Project Playlist is now being sued by the major labels, an all-too-familiar result for music-related startups.
The lawsuit, backed by three of the four majors, accuses Project Playlist of massive copyright infringement. Sony BMG is not party to the lawsuit, opting instead to continue its out-of-court negotiations.
The legal proceedings, if they proceed, are likely to focus on whether Project Playlist is actually liable for infringement. The Project Playlist architecture allows users to create playlists by linking to content hosted across the internet, a solution that taps into the massive – but highly decentralized and chaotic – library of media assets online.
According to Project Playlist founder and chief executive Jeremy Riney, that structure is adequately protected by the Digital Millennium Copyright Act (DMCA). Riney defended the model during a discussion at the SanFran MusicTech Summit on Thursday.
That sets the stage for a potentially interesting legal case, though the presence of several heavy-hitters could guide the suit towards an out-of-court resolution. A recent C|Net article pointed to a consultancy role involving Jay Berman, previous chief of both the RIAA and IFPI.
But Berman actually sits on the Project Playlist board, according to information confirmed last month. Additionally, connected industry attorneys Fred Davis (Davis, Shapiro, Lewit, Montone & Hayes) and Artie Indursky (Grubman, Indursky & Schindler) are also advising the company in licensing discussions.
On its face, the presence of those players makes the lawsuit seem like an unnecessary step.
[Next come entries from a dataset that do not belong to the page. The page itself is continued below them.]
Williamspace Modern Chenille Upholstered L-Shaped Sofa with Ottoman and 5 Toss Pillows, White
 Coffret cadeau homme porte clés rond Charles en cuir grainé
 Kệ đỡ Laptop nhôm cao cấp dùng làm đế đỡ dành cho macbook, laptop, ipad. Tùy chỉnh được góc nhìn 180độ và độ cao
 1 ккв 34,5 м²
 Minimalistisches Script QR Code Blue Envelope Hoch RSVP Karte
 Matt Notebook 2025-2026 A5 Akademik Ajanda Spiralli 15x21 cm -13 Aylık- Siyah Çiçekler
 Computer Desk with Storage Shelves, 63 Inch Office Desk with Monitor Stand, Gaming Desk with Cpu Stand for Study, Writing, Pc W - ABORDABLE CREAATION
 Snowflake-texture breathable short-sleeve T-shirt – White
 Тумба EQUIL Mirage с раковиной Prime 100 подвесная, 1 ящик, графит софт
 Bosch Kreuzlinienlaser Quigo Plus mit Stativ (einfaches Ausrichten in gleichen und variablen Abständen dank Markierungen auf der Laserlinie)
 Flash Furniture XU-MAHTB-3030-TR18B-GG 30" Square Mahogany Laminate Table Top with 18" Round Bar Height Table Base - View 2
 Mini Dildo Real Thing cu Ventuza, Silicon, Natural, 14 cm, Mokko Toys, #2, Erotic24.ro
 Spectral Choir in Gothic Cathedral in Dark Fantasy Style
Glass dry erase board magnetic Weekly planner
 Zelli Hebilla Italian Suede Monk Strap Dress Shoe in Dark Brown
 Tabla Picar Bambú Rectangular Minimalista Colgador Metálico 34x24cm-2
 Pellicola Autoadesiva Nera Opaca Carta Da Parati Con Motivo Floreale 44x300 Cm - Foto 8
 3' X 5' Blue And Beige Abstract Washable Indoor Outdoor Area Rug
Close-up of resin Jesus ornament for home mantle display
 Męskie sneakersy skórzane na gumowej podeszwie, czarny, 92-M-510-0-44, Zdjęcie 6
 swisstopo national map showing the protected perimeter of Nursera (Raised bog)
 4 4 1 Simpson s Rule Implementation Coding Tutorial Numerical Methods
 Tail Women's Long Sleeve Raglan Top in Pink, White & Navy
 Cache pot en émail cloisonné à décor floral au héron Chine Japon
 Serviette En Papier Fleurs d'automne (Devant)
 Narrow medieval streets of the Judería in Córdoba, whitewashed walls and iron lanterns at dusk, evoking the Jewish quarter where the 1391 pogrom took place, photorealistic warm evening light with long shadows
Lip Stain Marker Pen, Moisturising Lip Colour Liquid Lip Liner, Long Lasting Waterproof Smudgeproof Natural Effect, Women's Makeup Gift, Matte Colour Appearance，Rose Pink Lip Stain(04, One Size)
But the filing may be part of a familiar negotiation dance, one that frequently features a dropped lawsuit in exchange for serious licensing overhead and equity stakes for the majors.
The result would be unsurprising. Also at the Summit, Norwest Venture Partners principal Tim Chang pointed to an emerging sue-then-settle playbook, one that often carries serious infringement penalties.
Others echoed the sentiment. “Labels aren’t going to sue you out of existence, but if you want to keep playing you must pay a certain amount,” explained Tim Quirk, vice president of Music Programming at Rhapsody. Just recently, music-focused social networking startup Imeem crawled from underneath a massive, Warner Music Group lawsuit, and insiders pointed to heavy licensing demands and label ownership percentages.
But even in the absence of a massive lawsuit, majors usually demand heavy licensing costs upfront. “Even to get into the room to negotiate, you need to pay an advance,” Quirk said.
That has become a major thorn for music-focused startups, especially given the heavy pressure on available funds. And industry executives frequently wonder whether the major label licensing approach makes sense as a long-term business model. “They thought there was going to be this indefinite period of getting paid $30 million upfront,” Quirk continued.
The dicey economics are enough to scare many investors away, or at least reduce the available dry powder for promising startups. But the discussion is not one-sided, and several executives acknowledged that majors have some rationale for their licensing approach.
Hardly an apologist, attorney David Kostiner (Davis, Shapiro) pointed to one practical reason for the demands. “They don’t have enough lawyers to make the deals, so they have to prioritize,” Kostiner explained. Others noted that higher licensing structures allow major labels to manage risk in a hit-and-mostly-miss startup environment.
And, after decades of cultivating some of the biggest artists on earth, majors want their machine to pay dividends – especially as recorded music sales continue to plunge. In discussions over the weekend, another source argued that majors are sitting on prized catalogs, and it would be foolish to pretend otherwise. “There’s a reason why everyone wants to license the major label catalogs,” the executive noted. “They’re worth something.”
Story by publisher Paul Resnikoff in San Francisco.